Let your paycheck be your portfolio. Using the arithmetic above, a $20,000 income is the functional equivalent of a $500,000 portfolio. If you don’t have the portfolio, another way to generate that same amount of income would be to trade some of your time or expertise for it by working longer, working part time or starting a small business. Done correctly, this solution can generate the income you need while leaving plenty of time to pursue your other interests.
Maximize your hidden balance sheet. During your working years, you put 6.2 percent of every dollar you earn (up to certain limits) into Social Security. Your employer adds another 6.2 percent. If that were your 401(k), would you do everything possible to maximize the distributions from that asset? Of course you would. And yet, most people claim Social Security benefits at 62, which (similar to buying a pair of leather pants) is almost universally a bad idea. There are a number of claiming strategies you can use to maximize your benefits. Most people don’t use them and end up missing out on $100,000 or more of income. Go to www.intentionalretirement.com/social-security to use a tool that will give you the three best strategies to use for you and your spouse.
Move to a place where your dollar will go further. If you’re ready to retire, but your nest egg isn’t, one option is to delay retirement and give your portfolio a chance to grow. Another option would be to move to a location where your dollar will go further. It’s much cheaper to live in New Mexico than New Jersey. And why limit yourself to the U.S.? You can live in Panama for a fraction of what it would cost you in Pennsylvania.

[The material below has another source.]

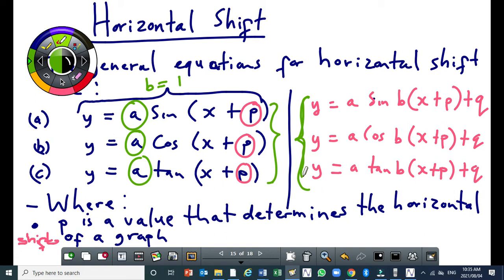Those are the general formulas which incorporate all three transformations. These three equations incorporate two transformations, but when B is equal to one it is actually only one transformation — horizontal shift. When B equals one you have one transformation. The other three equations incorporate all three.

Draw money in a tax-efficient way. If you’re like most people, some of your accounts are taxable and some are tax-deferred or even tax-free. Which should you draw from first in retirement? Choose wisely, because your choice could add years to the life of your nest egg. (Hint: You should usually take the taxable first.)
Take a medical vacation. Do you have health problems? Open-heart surgery (to take one example) will set you back about $100,000 in the U.S. Buy a plane ticket to Narayana Hrudayalaya Health Center in southern India, however, and you can get that same surgery for around $2,000. It has the world’s largest cardiac hospital, where doctors perform more open-heart surgeries than any other hospital in the world. Consequently, they have pioneered several new techniques and boast a 98 percent survival rate. Of course, quality of care is a primary concern, so visit www.JointCommissionInternational.org to learn about internationally accredited and certified health care organizations in countries that you are considering.
Travel cheaper. If you love to travel but don’t love paying for it, “travel hacking” might be for you. That is where you use creative ways to rack up rewards with airline and hotel loyalty programs. I’ve used travel hacking to accumulate about 350,000 frequent-flier miles (enough for a dozen or so domestic tickets). Visit www.travelhacking.org to learn more.
Those are just a few of the unconventional strategies you can use to help your retirement dollars go further. Some might work for you. Others might not. The important thing to remember is that your nest egg is only one arrow in your quiver. Keep an open mind and you’ll likely find more than one way to solve your retirement income problem.